Beginning From Scratch After 2013 War In South Sudan

The increasing numbers of people using the popularly known boda bodas [Motor bikes] for transport in Jonglei State has led to an increase in the number of those joining the business.

Beginning From Scratch After 2013 War In South Sudan
Peter Mabior Wut Who lost 13 motor bikes during the 2013 war [Photo by Jacob Achiek ]

By Jacob Achiek

BOR, 14 January 2016 [Gurtong] – The increasing numbers of people using the popularly known boda bodas [Motor bikes] for transport in Jonglei State has led to an increase in the number of those joining the business.

The daily earning depends on the agreement between the motor bike rider and the owner of the bike on what amount to be paid per day.

Peter Mabior Wut, 43 years of age setup a boda boda business in Bor some 3 years back. He owned 13 motor bikes for the business.

Wut said that before the 2013 war broke out in South Sudan he would earn a total of 750 South Sudanese Pounds per day from all his motor cycles of which he could only use 150 pounds then bank the rest.

With his life all figured out he decided to marry and take his young brother to university where he is pursuing a degree in medicine at Moi University in Kenya.

However, came 2013 and all his motor cycles were looted during the crisis, his house burnt to ashes and money he had saved disappeared in the process.

“My motorcycles were looted, and the house was burnt down to ashes and the money I saved disappeared during the displacement of people from Bor to refugee camps in northern Uganda. I was left with nothing during that time,” Mabior Wut told Gurtong.

Years gone by now he realized that there was relative calm in Bor and so decided to return and embark once again in his old business.
He now owns two motor cycles that he bought at 12,000 South Sudanese pounds each to kick start his business.

“Although I was affected a lot, I can recover all of the properties that had gotten lost during the war. Recovering of wealth is not like getting a new life. I think all will one day come back,” He said.
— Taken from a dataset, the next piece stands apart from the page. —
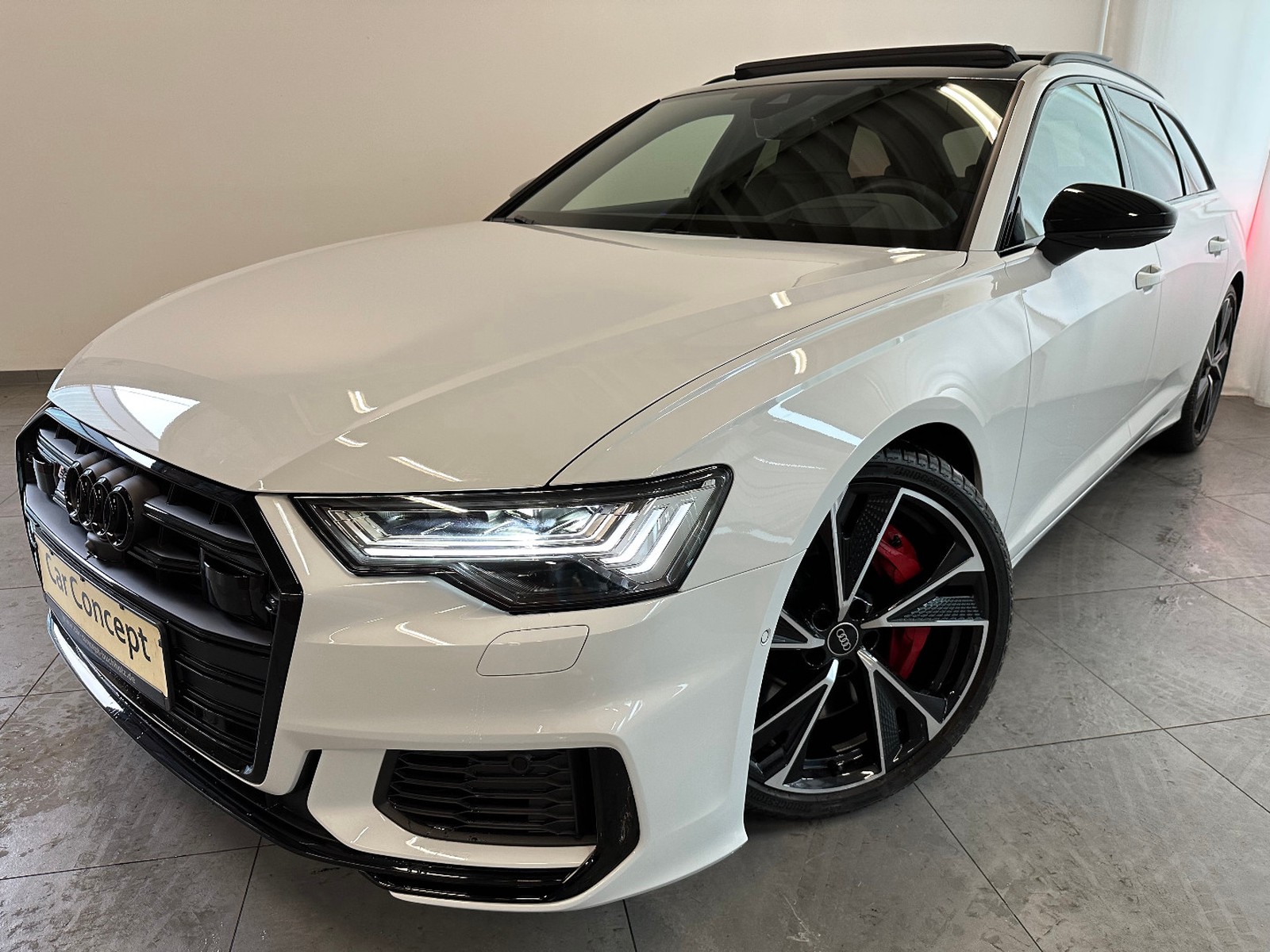 Audi S6 Avant PANO AHK StHz 21" B&O NACHT HEAD UP 360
He said that the lost motorcycles cost him more than 60,000 South Sudanese pounds to buy from Juba.

He said that in 2012, the motorcycles he bought helped him to create employment to the redundant youth who were having no jobs, one of the achievements he is proud of.
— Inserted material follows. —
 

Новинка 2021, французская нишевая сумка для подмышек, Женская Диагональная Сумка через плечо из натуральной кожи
Wut says when he fully gets back on his feet he would like to offer the youth who have no jobs to operate his boda boda business.
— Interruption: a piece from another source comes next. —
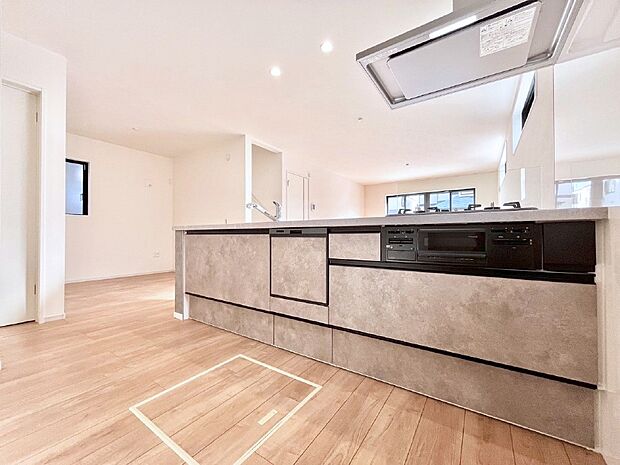 リビングを見渡せる人気のカウンターキッチン。 家族を見守りながら家事をすることができます。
Another resident of Bor who was also affected by the crisis Yar Thon Deng, also started her business from scratch in Bor town.

The 32 year old says her tea business has helped support her family through the years.

Yar said that she began her business in 2012 before it was interrupted by the civil war that broke out in mid-December 2013.

“By then I could get one hundred pounds a day and spend more than 60 pounds for food consumption and other business expenses such as milk powder, sugar and tea leaves. All those cost me 30 pounds a day and i could still afford to save 10 pounds,” She said.

According to her, before the war she had managed to save up to 2,000south Sudanese pounds within a period of just three months.

However her business could not continue after the war because she had to run with her family to safer areas. The money she saved was then used to transport her family during that period.

Her family had to move from Bor to Lakes State in December 2013 and the following year to Uganda where she says was safer than being within the country.
Later in September 2014 Yar moved back to Bor with her family as there was relative calm returning to the area.

She began to work at a restaurant where she was earning 20 south Sudanese pounds per day. After saving up the money to about 600 south Sudanese pounds she went back to her old business of selling tea.

According to her it makes her 150 pounds a day since she re-opened the business.

“I am now sitting under this tree which is a resting place for many people and I am selling them tea from here now. Now I can save 30 pounds a day because of the country’s economic crisis which have affected all businesses,” She has said.

YAr is optimistic that with the signing of the peace agreement in South Sudan things will change for the better in the near future.